** Opening STORED DATA block **
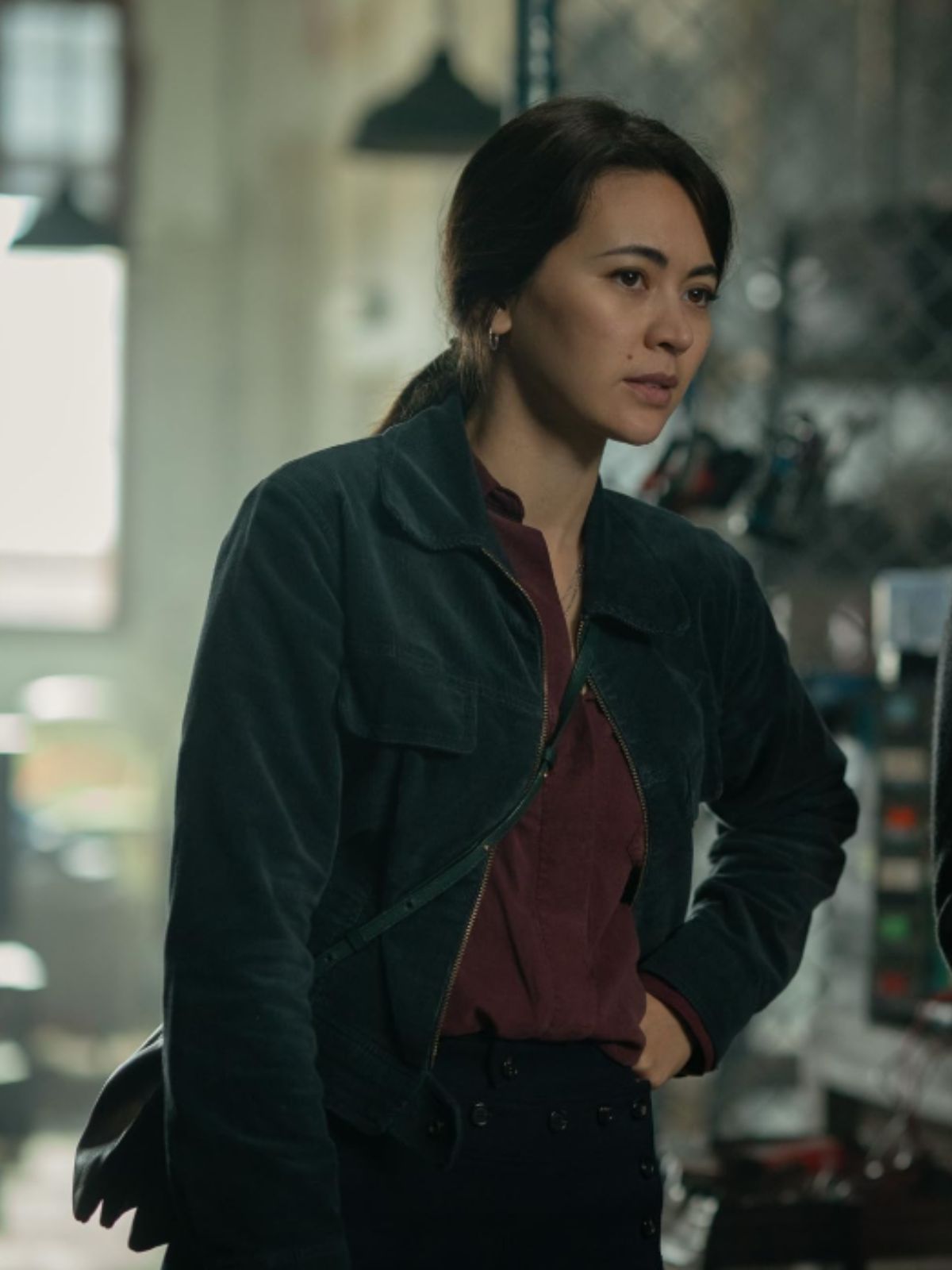 Silo Jessica Henwick Gray Corduroy Jacket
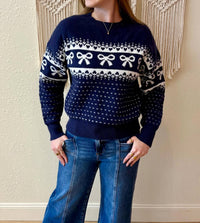 Blu Pepper - Belle Bow and Heart Sweater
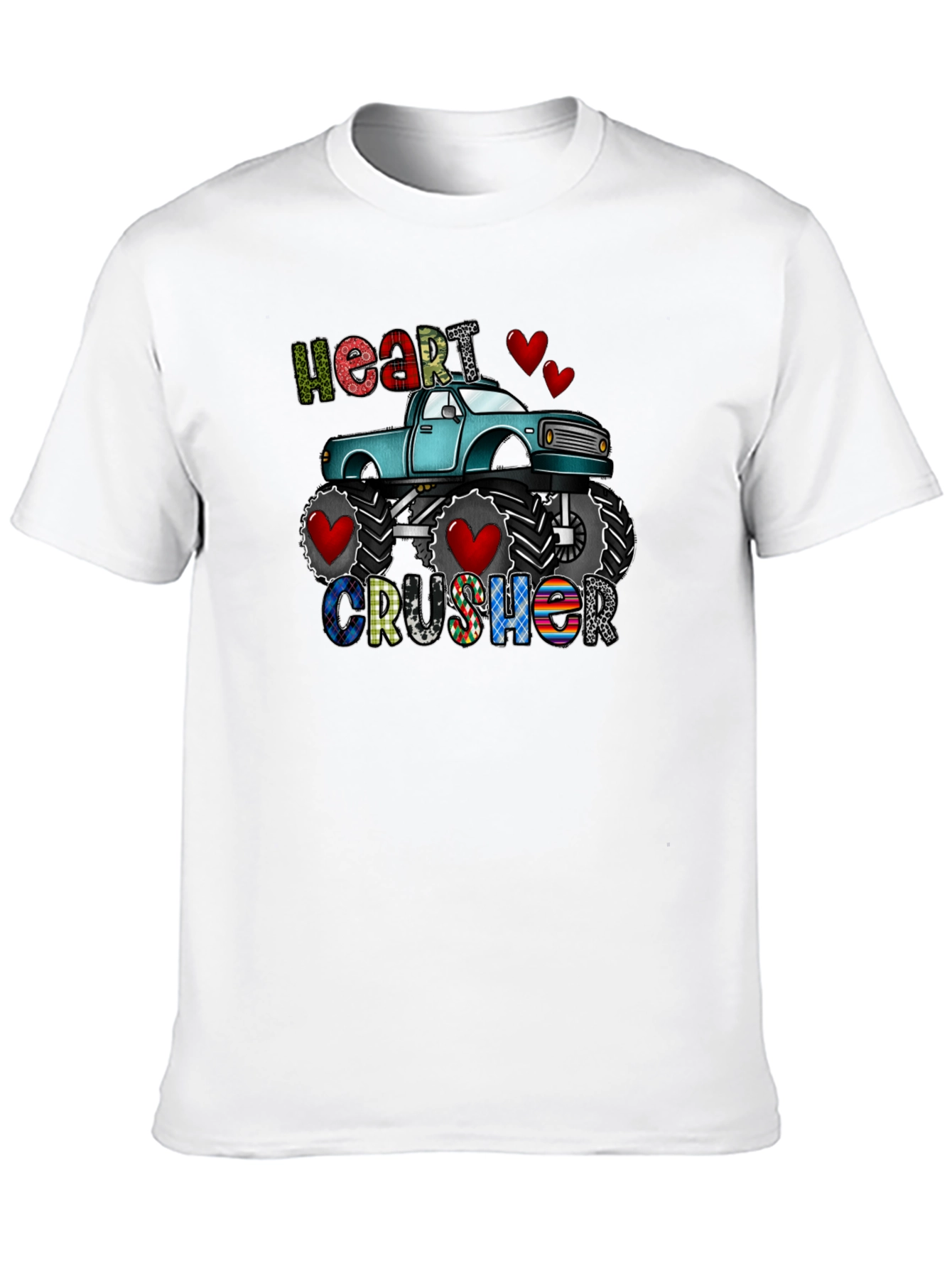 Heart Crusher Monster Truck T-Shirt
** Closing STORED DATA block **
WORK TO COMPLETE – Ignoring the pictures, write out word for word only the lines from the one containing "Blu Pepper - Belle Bow and Heart Sweater" through the last line of the data, both ends included.

THE ANSWER –
 Blu Pepper - Belle Bow and Heart Sweater
 Heart Crusher Monster Truck T-Shirt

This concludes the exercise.